También esencial en la lucha contra la ideología islamista será trabajar con los musulmanes moderados no islamistas. Son personas marcadas injustamente por los excesos islamistas, después de todo, e impacientes por tanto por detener a este movimiento extremista. Incorporarlos reviste varias ventajas: proporcionan un consejo valioso, pueden infiltrarse en organizaciones islamistas clandestinas, y su implicación en los esfuerzos contra el islamismo zanja la inevitable acusación de "islamofobia".
Además, a los expertos en el islam y los musulmanes — académicos, periodistas, figuras religiosas y autoridades — hay que pedirles cuentas por sus opiniones. Durante demasiado tiempo ya han disculpado el islamismo en lugar de darle una interpretación honesta. Por tanto, tienen parte de responsabilidad en la desprevención que condujo al horror de septiembre. La prensa y los demás medios convencionales han demostrado mayor objetividad al cubrir el islam. En el pasado, lo han justificado de forma vergonzosa. El reciente documental de la PBS Islam: el imperio de la fe es un caso de manual, ofreciendo, en las agudas palabras del Wall Street Journal, "una adoración del islam falta de toda crítica, más propia de un pasaje destinado a los fieles que de un documental que pretende ofrecer una crónica equilibrada a la opinión pública norteamericana". Los islamistas de Nueva York celebraron en sus mezquitas la destrucción del 11 de Septiembre, pero la prensa se negó a informar de los hechos por temor a ofender a los musulmanes, ocultando en la práctica esta importante información a la opinión pública norteamericana.

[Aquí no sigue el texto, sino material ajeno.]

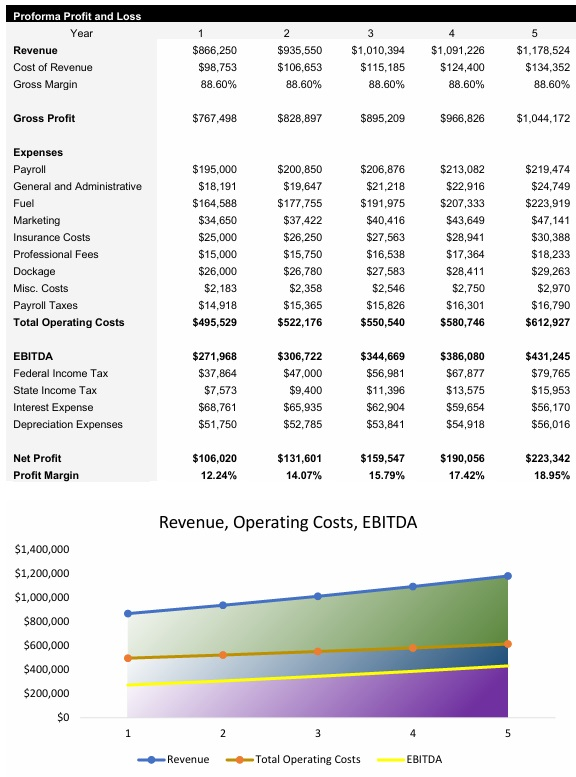 Yacht Charter Income Statement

La adopción de estas tres medidas — impedir la entrada a los islamistas, vigilar a los que están dentro del país sin vulnerar las libertades civiles de los musulmanes estadounidenses y deslegitimar a los extremistas — permitiría ser justos a los estadounidenses con la mayoría moderada de musulmanes, al tiempo que se combate el islam militante. Será un número de funambulista, que exigirá de sensibilidad sin sucumbir a la corrección política. Pero es factible y esencial en la misma medida.